La chambre administrative a en outre désigné "Amara Touré, expert, à l'effet d'y procéder", tout en décidant également de signifier "la présente ordonnance au maire de la ville de Dakar", ajoute la même source. 

"Nous saluons cette décision historique et courageuse", a déclaré Me Bara Diokhané, qui défend les intérêts des plaignants dans cette affaire mettant en cause le projet de recasement des marchands ambulants sur cette rue de Dakar. "Une jurisprudence est née au Sénégal le 9 janvier 2014", a souligné l'avocat. 

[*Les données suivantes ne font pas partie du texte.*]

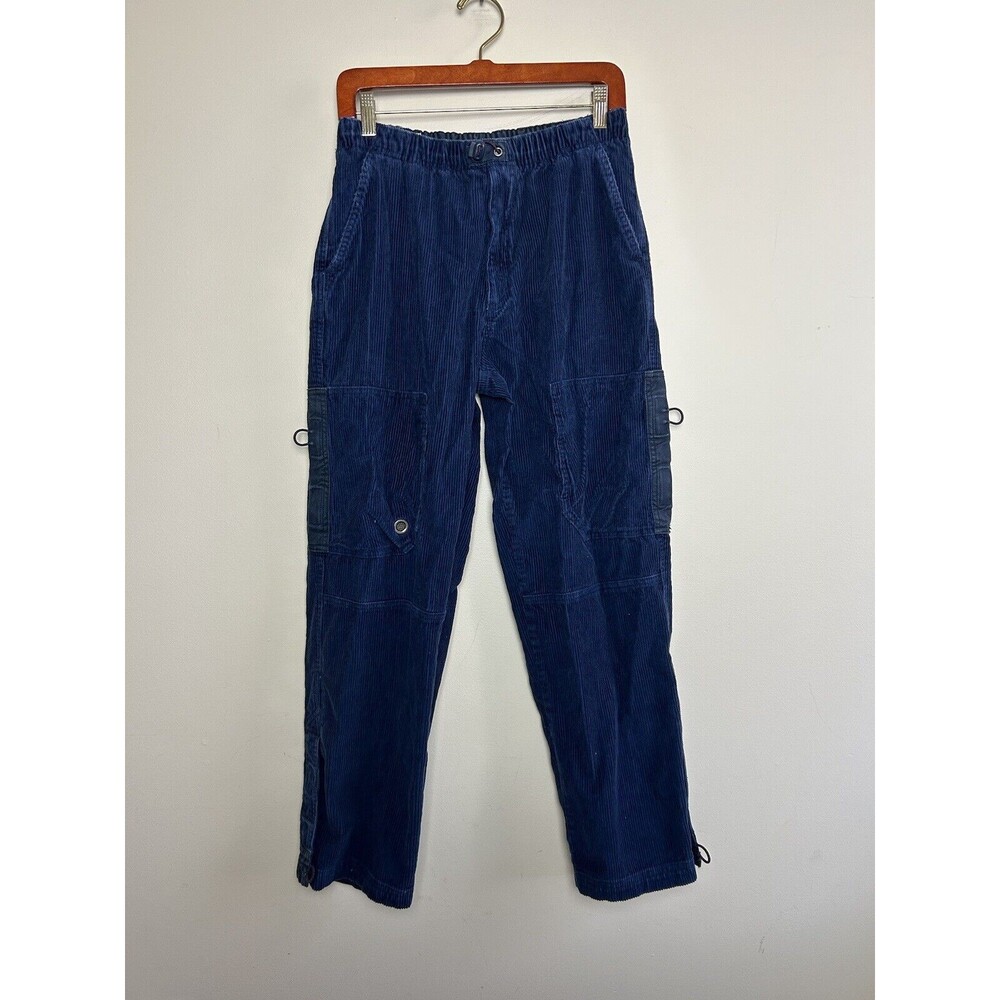 Vtg Y2K OP Ocean Pacific Baggy Fit Blue Corduroy Split-Hem Cargo Pants Youth XL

Après le bras de fer remporté sur les commerçants récalcitrants du centre-ville de Dakar, la décision de l'autorité municipale de la ville se heurte, à nouveau, à d'autres formes de résistances dans le centre-ville de la capitale sénégalaise, notamment celle du collectif appelé Renaissance Dakar-Plateau. 

"C'est la première fois dans l'histoire du Sénégal, que la Cour suprême a l'occasion d'exercer une compétence importante que lui a attribuée la loi organique 2008-35 sur la Cour suprême, notamment dans ses dispositions spéciales relatives aux recours en matière administrative", a relevé Me Diokhané. 

Selon lui, l'ordonnance de la juridiction a satisfait plusieurs attentes citoyennes. "En se prononçant de la sorte sur la requête des habitants de la commune de Dakar-Plateau, la Cour suprême s'est non seulement estimé compétente, mais a déclaré l'action recevable, et bien fondée", a-t-il expliqué. 

"Cela veut dire, en pratique, que désormais, au Sénégal, il existe ce qu'on appelle un référé administratif, c'est-à-dire un moyen procédural accordé à tous les citoyens, permettant de soumettre d'urgence devant le premier président de la Cour suprême, ou le président de la chambre administrative de la Cour suprême, les travers de l'administration, lorsque ceux-ci portent atteinte aux droits fondamentaux garantis par la Constitution", a-t-il ajouté.